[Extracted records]

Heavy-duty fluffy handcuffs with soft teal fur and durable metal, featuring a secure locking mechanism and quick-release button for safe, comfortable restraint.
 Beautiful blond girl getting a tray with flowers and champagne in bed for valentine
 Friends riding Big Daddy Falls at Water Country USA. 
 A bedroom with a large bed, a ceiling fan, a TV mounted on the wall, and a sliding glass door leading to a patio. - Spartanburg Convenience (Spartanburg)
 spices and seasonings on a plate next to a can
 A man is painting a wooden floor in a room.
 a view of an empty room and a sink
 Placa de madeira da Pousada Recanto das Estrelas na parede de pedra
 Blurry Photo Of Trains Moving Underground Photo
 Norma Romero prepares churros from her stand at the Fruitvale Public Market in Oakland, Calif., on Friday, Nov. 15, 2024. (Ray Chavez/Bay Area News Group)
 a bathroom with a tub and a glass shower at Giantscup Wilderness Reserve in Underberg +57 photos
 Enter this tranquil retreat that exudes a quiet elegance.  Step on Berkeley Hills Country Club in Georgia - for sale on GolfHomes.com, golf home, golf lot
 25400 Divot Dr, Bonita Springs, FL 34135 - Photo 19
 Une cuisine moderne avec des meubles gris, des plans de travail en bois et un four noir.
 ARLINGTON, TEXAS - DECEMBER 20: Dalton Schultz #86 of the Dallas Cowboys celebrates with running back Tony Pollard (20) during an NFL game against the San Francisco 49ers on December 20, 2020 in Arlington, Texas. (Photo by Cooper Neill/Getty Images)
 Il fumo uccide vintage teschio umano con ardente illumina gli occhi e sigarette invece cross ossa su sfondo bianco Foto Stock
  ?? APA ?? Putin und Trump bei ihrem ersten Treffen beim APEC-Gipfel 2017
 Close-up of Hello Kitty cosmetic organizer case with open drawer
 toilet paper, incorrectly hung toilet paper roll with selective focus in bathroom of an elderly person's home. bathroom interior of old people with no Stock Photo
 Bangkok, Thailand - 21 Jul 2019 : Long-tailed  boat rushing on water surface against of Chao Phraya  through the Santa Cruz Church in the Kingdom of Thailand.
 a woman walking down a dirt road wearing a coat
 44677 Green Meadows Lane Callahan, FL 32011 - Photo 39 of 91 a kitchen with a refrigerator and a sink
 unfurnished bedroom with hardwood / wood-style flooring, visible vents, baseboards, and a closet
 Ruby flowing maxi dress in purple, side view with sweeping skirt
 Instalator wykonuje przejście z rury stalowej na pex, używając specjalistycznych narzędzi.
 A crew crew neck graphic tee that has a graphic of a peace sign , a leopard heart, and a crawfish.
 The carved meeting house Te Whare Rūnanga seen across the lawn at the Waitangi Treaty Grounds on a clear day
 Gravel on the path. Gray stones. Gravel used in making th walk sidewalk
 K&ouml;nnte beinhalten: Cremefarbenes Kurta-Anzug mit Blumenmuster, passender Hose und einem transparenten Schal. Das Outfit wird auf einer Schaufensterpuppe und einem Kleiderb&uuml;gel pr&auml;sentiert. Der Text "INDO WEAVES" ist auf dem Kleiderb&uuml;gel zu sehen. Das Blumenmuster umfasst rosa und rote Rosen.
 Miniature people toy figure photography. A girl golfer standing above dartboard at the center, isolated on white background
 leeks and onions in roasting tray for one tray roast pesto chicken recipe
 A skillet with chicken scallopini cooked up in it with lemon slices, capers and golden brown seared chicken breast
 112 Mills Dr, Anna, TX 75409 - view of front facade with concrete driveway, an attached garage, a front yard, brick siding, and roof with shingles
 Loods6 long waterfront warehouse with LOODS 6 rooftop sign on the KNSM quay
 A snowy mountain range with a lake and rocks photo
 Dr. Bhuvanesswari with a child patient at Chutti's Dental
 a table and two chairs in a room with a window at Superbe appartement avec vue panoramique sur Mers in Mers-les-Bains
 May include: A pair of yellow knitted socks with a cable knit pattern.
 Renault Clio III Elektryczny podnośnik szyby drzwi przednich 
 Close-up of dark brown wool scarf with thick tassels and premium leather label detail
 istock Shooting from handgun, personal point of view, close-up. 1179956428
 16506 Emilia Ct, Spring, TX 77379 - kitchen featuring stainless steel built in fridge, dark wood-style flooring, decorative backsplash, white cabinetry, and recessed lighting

(Your objective):
Where does "glass" appear in the records above? Copy each line that holds it.

(Task response):
 A bedroom with a large bed, a ceiling fan, a TV mounted on the wall, and a sliding glass door leading to a patio. - Spartanburg Convenience (Spartanburg)
 a bathroom with a tub and a glass shower at Giantscup Wilderness Reserve in Underberg +57 photos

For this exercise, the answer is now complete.